Est-ce que votre domaine d’activité déteint sur vos lectures ? Autrement dit, vous retrouvez-vous à “juger” le travail de vos confrères lorsque vous lisez un ouvrage en VF ?
Ma réponse reprendra un peu l'argument développé dans la précédente. Tant qu'un livre en VF "coule", je me laisse aller au plaisir de la lecture. Quand je sens du mot à mot ou un côté laborieux dans le phrasé (qui peut cependant devoir beaucoup à la VO), ça me gêne un peu. De là à m'ériger en "juge"… pour reprendre une expression de nos amis anglo-saxons : Definitely not.
Lisez-vous beaucoup en VO en dehors des romans que vous avez à traduire ?
Assez peu, actuellement. Je m'essaie au russe, mais c'est assez ardu. En anglais, je me croyais plutôt pas trop mauvais, et là je vois bien qu'en russe je suis une brêle intégrale ! C'est une expérience somme toute salutaire.

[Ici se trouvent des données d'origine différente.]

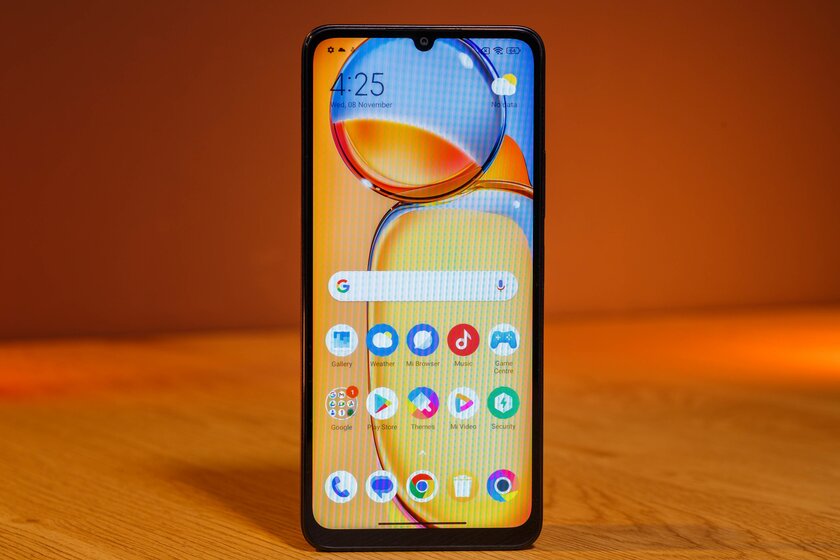 Xiaomi разучилась делать бюджетные смартфоны? Обзор Poco C65 (Redmi 13C) — Отзыв. 2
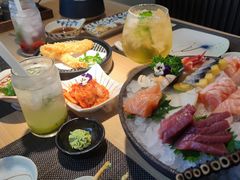 -德川家日本料理(中关村寰太大厦店)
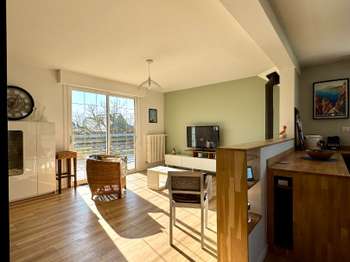 Vente maison 7 pièces Kervignac 56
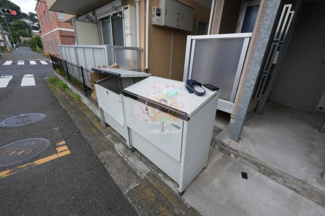 【エントランス】 | フォルトゥーナ横浜井土ヶ谷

Quels sont vos goûts littéraires ?
C'est très variable au gré des années. Tolstoï, Poe, London, Homère, etc. Récemment j'ai relu L'Intégrale des nouvelles de Stevenson chez Phébus Libretto, et j'avais pour projet de me replonger dans les NéO Fantastique. Les regrettées Editions Oswald avaient fait un boulot extraordinaire. J'ai près de 200 volumes, achetés à prix réduits dans les solderies quand la maison d'édition a fait faillite. J'ai toujours été fana de R.E. Howard. J'adore. Tout comme la série des "Doc Savage" parue chez Marabout. En bref, j'aime ce qui fait rêver le lecteur. Il fut un temps où je me concoctais des week-ends spéciaux SDA. Je le relisais tous les trois mois.

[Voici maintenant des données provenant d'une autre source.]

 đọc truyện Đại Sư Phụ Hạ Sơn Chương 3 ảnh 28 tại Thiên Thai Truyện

Dans un genre différent, je m'intéresse beaucoup à la mythologie russe, actuellement, et je me suis plongé dans Les Contes Populaires Russes d'Afanassiev, pour un projet perso. Et dans les poésies chantés de Grigorii Leps. J'ai aussi commandé de nouveau (je l'ai déjà offert une demi-douzaine de fois, mais ce coup-ci il est pour moi) In The Court Of The Crimson King de King Crimson sur Amazon, que je conseille à tout fan de fantasy-fantastique-SF, pour les lyrics autant que pour la musique. C'est d'ailleurs quelque chose qui m'a toujours étonné : pourquoi ne pas faire le lien entre la littérature et la musique, la peinture ? Il m'a toujours paru évident que l'imaginaire ne se confinait pas à une seule forme d'expression… Enfin, vaste débat…

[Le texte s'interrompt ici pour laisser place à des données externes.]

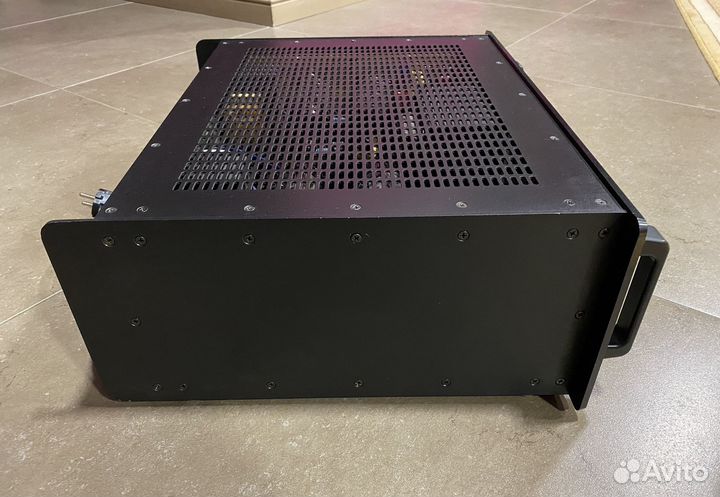 Усилитель ламповый Audio Research CA50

Mais tout ça, c'était avant de recevoir la première mouture de The Other Lands, évidemment. Depuis, c'est la priorité. Et un grand plaisir.
Que représente pour vous l’expérience Acacia ?
Une chance et un coup de cœur. Une chance parce que le premier volet, je l'aurais de toute façon acheté et que j'aurais été transporté par sa lecture. Un coup de cœur pour la main qui écrit, l'homme qui manie le stylo et son attitude envers son lectorat. J'ai approché pas mal d'auteurs anglo-américains. Il ne m'appartient évidemment pas de quantifier leur talent (même si… bon, OK, j'arrête là), mais je crois savoir déceler certaines qualités humaines, et dans ce registre il me semble que David fait passer un peu plus qu'un texte de fantasy. Ou je n'y connais rien, ou c'est la marque des vrais écrivains.
Êtes-vous impatient de vous lancer dans la suite ?
Euh… comment dire "Non" après ce qui précède ? J'ai reçu la version non corrigée, et j'attends avec impatience le "Copy-edit". En clair, je trépigne d'impatience, évidemment !
Votre carrière est déjà bien fournie, vous avez touché à tous les genres… Avez-vous remarqué des changements dans le métier ?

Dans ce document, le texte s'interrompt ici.